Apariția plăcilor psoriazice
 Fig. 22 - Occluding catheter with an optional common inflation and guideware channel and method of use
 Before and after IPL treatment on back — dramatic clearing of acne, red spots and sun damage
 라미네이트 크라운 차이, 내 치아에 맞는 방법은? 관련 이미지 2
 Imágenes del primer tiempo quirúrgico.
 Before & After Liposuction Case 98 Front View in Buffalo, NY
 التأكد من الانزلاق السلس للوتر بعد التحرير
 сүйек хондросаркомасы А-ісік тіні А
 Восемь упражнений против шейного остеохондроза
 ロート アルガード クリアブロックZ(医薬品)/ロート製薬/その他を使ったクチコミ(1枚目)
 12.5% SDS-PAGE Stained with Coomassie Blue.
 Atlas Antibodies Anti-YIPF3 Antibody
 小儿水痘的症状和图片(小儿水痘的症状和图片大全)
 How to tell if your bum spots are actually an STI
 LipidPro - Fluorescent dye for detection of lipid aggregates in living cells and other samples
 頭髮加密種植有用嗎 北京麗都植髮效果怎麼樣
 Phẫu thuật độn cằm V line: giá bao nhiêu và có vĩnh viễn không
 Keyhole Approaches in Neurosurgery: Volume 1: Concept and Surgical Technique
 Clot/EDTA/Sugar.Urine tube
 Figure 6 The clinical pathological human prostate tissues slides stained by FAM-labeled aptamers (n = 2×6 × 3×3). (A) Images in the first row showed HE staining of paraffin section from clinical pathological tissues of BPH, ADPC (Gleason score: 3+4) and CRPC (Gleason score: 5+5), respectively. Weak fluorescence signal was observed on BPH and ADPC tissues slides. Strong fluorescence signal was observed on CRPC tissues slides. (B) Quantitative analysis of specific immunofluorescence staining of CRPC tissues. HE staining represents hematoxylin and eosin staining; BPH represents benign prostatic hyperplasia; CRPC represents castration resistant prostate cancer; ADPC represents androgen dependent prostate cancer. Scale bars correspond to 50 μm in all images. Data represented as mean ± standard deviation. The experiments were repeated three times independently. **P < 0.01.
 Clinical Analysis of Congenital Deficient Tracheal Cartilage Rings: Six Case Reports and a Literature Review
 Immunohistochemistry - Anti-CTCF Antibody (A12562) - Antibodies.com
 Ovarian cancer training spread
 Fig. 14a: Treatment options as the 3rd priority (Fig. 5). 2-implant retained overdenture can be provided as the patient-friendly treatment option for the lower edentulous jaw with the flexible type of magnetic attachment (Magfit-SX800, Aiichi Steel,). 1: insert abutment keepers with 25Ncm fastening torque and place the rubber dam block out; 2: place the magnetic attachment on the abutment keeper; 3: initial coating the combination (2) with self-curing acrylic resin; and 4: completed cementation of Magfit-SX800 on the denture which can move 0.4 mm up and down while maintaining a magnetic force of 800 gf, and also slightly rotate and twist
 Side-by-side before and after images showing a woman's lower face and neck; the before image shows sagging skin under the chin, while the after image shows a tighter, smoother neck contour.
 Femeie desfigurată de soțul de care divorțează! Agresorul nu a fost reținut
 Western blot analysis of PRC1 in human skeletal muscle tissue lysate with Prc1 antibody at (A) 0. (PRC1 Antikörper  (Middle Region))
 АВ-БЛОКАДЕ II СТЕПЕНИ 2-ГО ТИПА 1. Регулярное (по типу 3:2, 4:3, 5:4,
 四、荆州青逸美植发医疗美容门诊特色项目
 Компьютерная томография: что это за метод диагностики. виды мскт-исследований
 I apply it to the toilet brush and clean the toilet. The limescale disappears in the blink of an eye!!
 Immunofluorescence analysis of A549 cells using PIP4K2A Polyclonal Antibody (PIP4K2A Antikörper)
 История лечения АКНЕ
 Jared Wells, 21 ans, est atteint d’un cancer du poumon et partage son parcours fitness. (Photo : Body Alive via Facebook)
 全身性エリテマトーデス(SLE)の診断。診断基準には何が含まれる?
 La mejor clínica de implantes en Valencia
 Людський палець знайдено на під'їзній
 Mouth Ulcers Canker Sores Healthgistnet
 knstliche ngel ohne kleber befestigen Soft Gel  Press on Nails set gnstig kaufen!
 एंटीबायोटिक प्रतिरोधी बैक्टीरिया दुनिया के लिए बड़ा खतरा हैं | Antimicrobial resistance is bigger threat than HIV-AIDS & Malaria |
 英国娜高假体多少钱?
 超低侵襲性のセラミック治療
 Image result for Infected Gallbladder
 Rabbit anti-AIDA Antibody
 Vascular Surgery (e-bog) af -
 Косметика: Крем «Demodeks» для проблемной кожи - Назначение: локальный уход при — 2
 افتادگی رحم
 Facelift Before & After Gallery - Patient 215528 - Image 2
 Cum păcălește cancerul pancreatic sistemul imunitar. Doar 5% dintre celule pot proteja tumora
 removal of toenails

YOUR ASSIGNMENT = All that belongs in the answer is the run of lines above from the line containing "التأكد من الانزلاق السلس للوتر بعد التحرير" through the line containing "Clot/EDTA/Sugar.Urine tube", exactly as written.

YOUR SOLUTION =
 التأكد من الانزلاق السلس للوتر بعد التحرير
 сүйек хондросаркомасы А-ісік тіні А
 Восемь упражнений против шейного остеохондроза
 ロート アルガード クリアブロックZ(医薬品)/ロート製薬/その他を使ったクチコミ(1枚目)
 12.5% SDS-PAGE Stained with Coomassie Blue.
 Atlas Antibodies Anti-YIPF3 Antibody
 小儿水痘的症状和图片(小儿水痘的症状和图片大全)
 How to tell if your bum spots are actually an STI
 LipidPro - Fluorescent dye for detection of lipid aggregates in living cells and other samples
 頭髮加密種植有用嗎 北京麗都植髮效果怎麼樣
 Phẫu thuật độn cằm V line: giá bao nhiêu và có vĩnh viễn không
 Keyhole Approaches in Neurosurgery: Volume 1: Concept and Surgical Technique
 Clot/EDTA/Sugar.Urine tube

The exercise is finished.